(Beginning of Records shown)

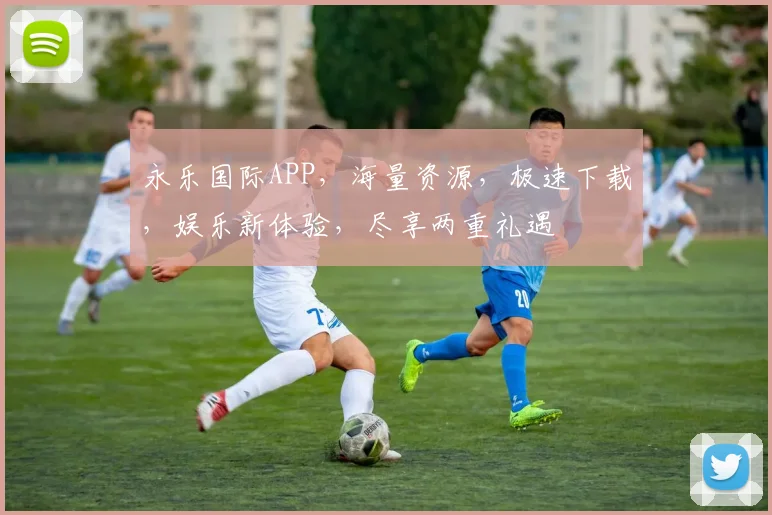 永乐国际APP，海量资源，极速下载，娱乐新体验，尽享两重礼遇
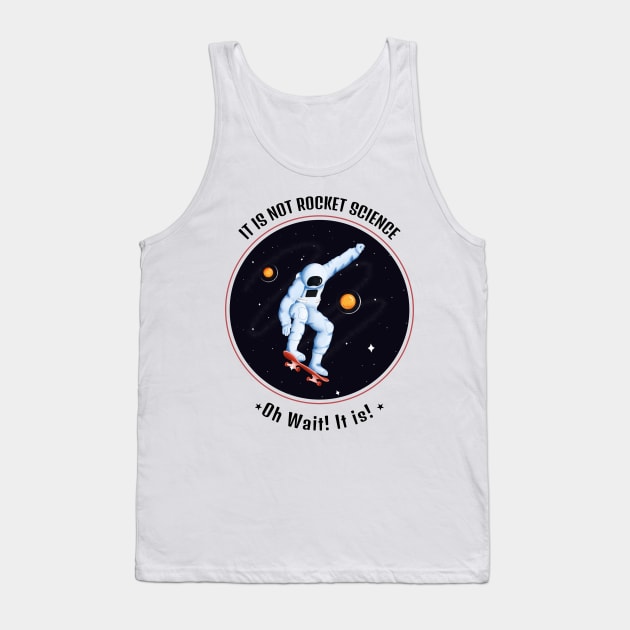 It is Not Rocket Science - Skating on the Space Tank Top by Teeters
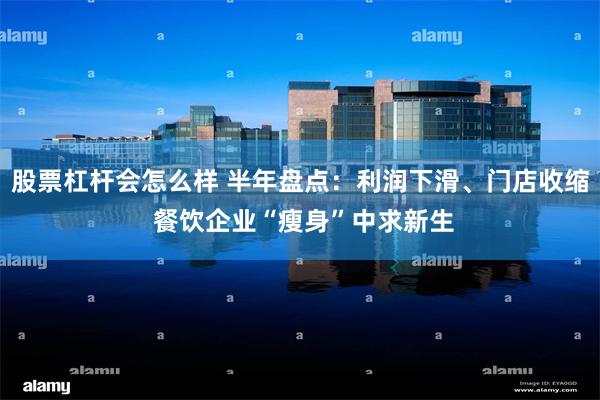 股票杠杆会怎么样 半年盘点：利润下滑、门店收缩 餐饮企业“瘦身”中求新生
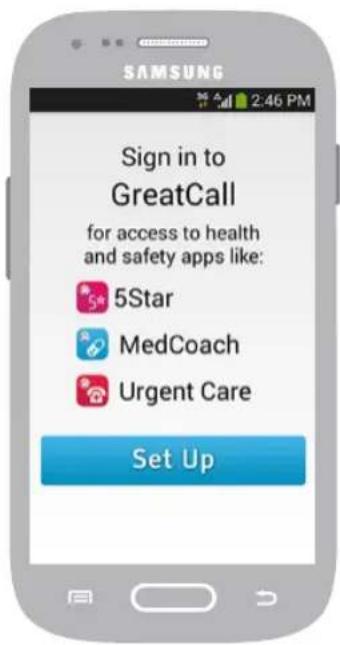SAMSUNG Sign in to GreatCall for access to health and safety apps like: 5Star MedCoach Urgent Care Set Up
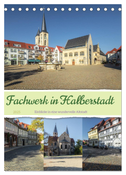 Fachwerk in Halberstadt (Tischkalender 2025 DIN A5 hoch), CALVENDO Monatskalender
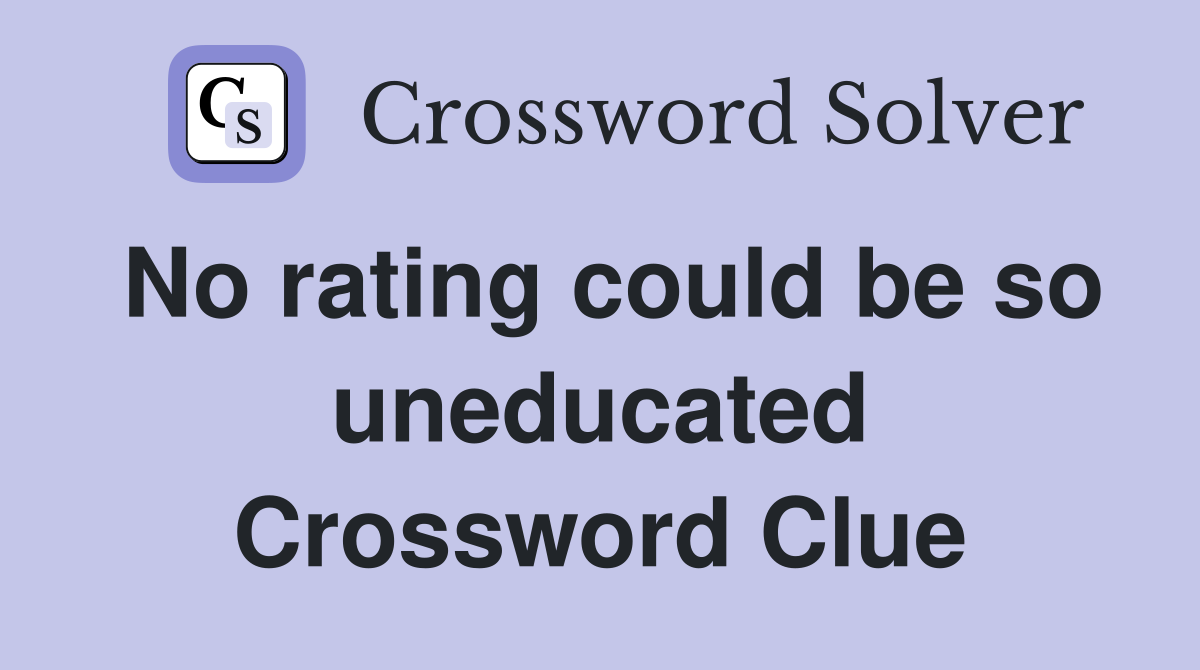 No rating could be so uneducated Crossword Clue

(End of Records shown)

### Work instructions
Skip all pictures. Copy exactly the lines from the one containing "Fachwerk in Halberstadt" through the end of the records, both ends included.

### Exercise response
 Fachwerk in Halberstadt (Tischkalender 2025 DIN A5 hoch), CALVENDO Monatskalender
 No rating could be so uneducated Crossword Clue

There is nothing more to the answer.